UPDATED 15:03 EST / SEPTEMBER 27 2022

AI

Arthur.ai raises $42M to optimize AI applications’ accuracy

Arthur.ai, a New York-based startup that helps companies monitor the accuracy of their artificial intelligence applications and find areas for improvement, has secured $42 million in new funding.

The company announced the Series B funding round today. The round was jointly led by Acrew Capital and Greycroft. Arthur.ai, which is incorporated as Arthurai Inc., previously secured $15 million through a Series A investment that it announced in 2020.

Large-scale AI models can often become less accurate over time. One common factor behind accuracy declines is a phenomenon known as data drift. The phenomenon occurs when an AI is configured to process a certain type of data during development, but is given different data to process once it’s deployed in production.

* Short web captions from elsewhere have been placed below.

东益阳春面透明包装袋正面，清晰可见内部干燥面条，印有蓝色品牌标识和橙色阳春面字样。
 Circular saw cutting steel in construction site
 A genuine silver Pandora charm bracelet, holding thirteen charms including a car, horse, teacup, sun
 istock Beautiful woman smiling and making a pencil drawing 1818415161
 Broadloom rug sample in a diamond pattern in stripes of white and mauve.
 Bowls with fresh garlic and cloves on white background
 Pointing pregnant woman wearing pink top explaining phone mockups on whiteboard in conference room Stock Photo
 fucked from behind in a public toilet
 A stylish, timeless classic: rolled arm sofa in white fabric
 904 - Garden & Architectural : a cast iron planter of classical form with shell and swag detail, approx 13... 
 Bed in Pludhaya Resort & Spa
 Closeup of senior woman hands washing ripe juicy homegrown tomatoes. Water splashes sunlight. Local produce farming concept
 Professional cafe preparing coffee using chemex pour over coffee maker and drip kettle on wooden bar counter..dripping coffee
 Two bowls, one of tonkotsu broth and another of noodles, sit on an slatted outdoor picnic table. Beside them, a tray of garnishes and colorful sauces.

Arthur.ai has built a software platform that can automatically detect data drift. The platform is also capable of detecting fairness issues in AI applications. It visualizes issues in a dashboard that engineers can consult to identify the scope of an AI malfunction, as well as find its cause.

The company has equipped its platform with an alerting tool that can notify developers immediately after a machine learning application experiences a decline in accuracy. Additionally, the platform makes it possible to compare the accuracy of different neural networks. Developers can test multiple versions of the same neural network and deploy the one that proves most reliable.

According to Arthur.ai, its platform is implemented as a collection of microservices optimized for scalability. The microservices-based architecture allows the platform to process up to 1 million data operations per second. As a result, it can be used to monitor the accuracy of large-scale AI models that ingest a significant amount of data.

Companies can deploy the platform both in the public cloud and on their on-premises infrastructure. According to the startup, built-in cybersecurity features make it possible to limit user access to the platform’s core components and the data that it collects about a company’s AI applications. 

Arthur.ai says its latest funding round follows a year in which it grew annual recurring revenues by an average of 58% per quarter. Overall, it has more than quadrupled revenue during the past 12 months. In a bid to continue its recent sales momentum, it will use the proceeds from the funding round to grow its AI research, customer success and data science teams.

The company operates in a competitive market. Arize AI Inc., a startup with a platform for troubleshooting technical issues in AI software, closed a $38 million funding round earlier this month. Another market player, Diveplane Corp., raised $25 million a few days later.